The children listened to the creatures moving across the screen and read texts on their eating habits and the climates in which they thrive.
"I want to hear the elephant, I want to hear the elephant!" said 6-year-old Alicia Washington. She did.
"This'll help the neighborhood," she said, checking out the array of computers. "We'll get jobs now because a lot of jobs have computers, and if you don't know how to work a computer, you can't get one."
One day, after she's finished school, Alicia said, she'll move from this neighborhood. She hopes never to see the empty vials that once contained drugs or hear the nightly gunfire or see the crowds gathered on street corners. "It distracts me. It scares me," Alicia said, "because it may be some of my family that's getting shot down there."
Her uncle was shot to death; her grandfather was found dead in a bathtub of cold water. She's not sure about her father. She's never seen him. "I don't have a daddy," she said, "but I have Jesus."
It's a familiar story in this neighborhood where single-parent households are the norm and the jobless outnumber the employed.
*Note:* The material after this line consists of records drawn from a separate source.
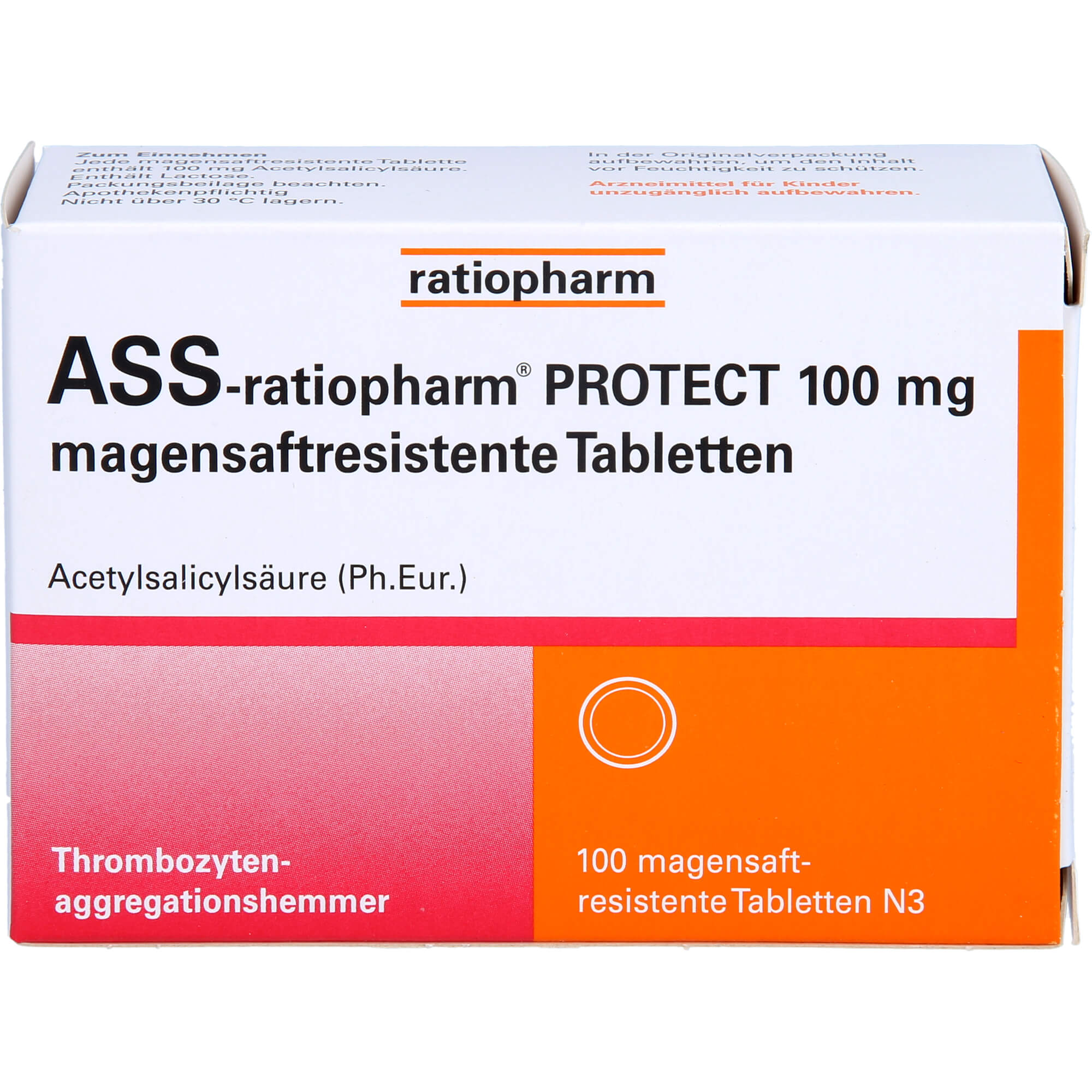 ASS-ratiopharm PROTECT 100 mg magensaftr.Tabletten 100 St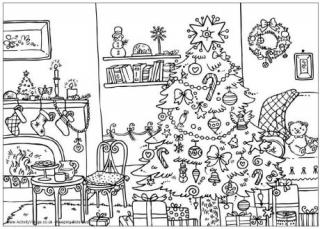 Christmas Room Colouring Page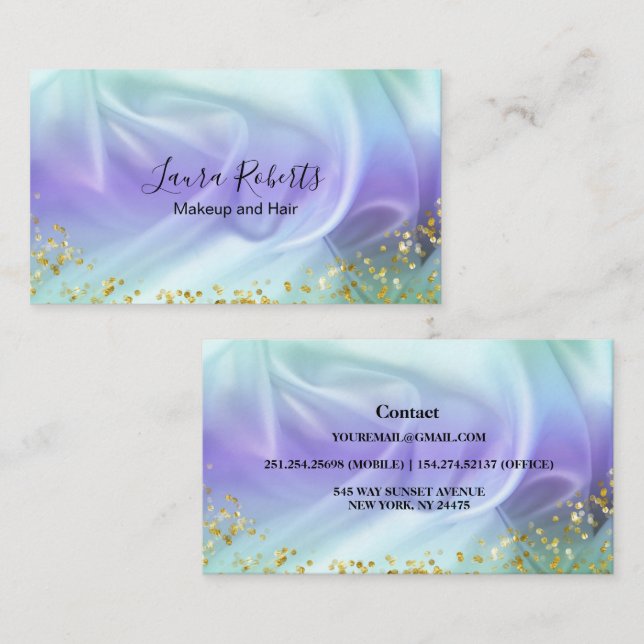 Green and Purple Glitter  Business Card (Front/Back)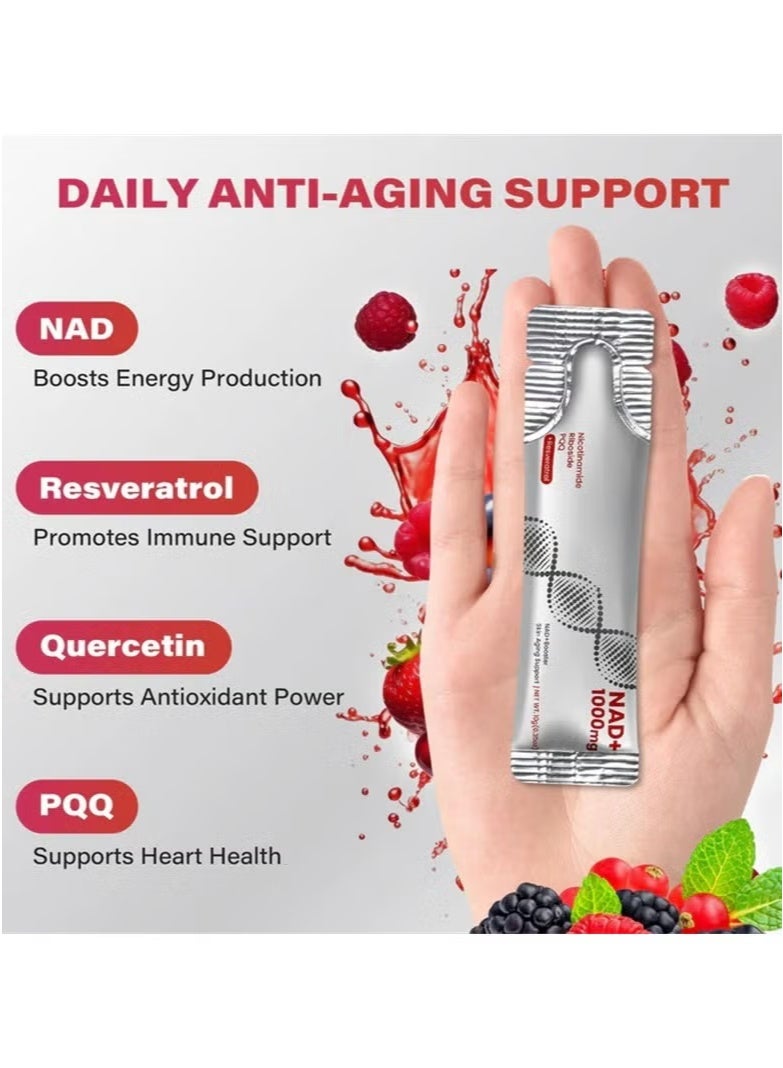 حديقة الحيوان مشروب نكهات التوت NAD+ لدعم شيخوخة البشرة والطاقة والتركيز - 30 عبوة - Image 4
Too many people expect more of the same from the next generation and the next, said Gareth Brown, a staff specialist with the school system's compensatory education program who helped lead the transformation of the George Street school.
"Others tend to discount the potential of children located in this neighborhood because of its proximity to the Murphy Homes," Mr. Brown said. "If we can offer an alternative to that lifestyle, if we can somehow reach them, raise their expectations, if you give them something in life to work for, hopefully they can bypass all that. We don't dwell on all the problems outside, but we know we have to work harder to save them in this neighborhood."
Superintendent Walter G. Amprey, who visited the school yesterday, put it a little differently.
"We have to do everything we can to help these kids in this community," he said. "There are so many ways they have self-esteem chipped away that we have to try hard to balance the scales."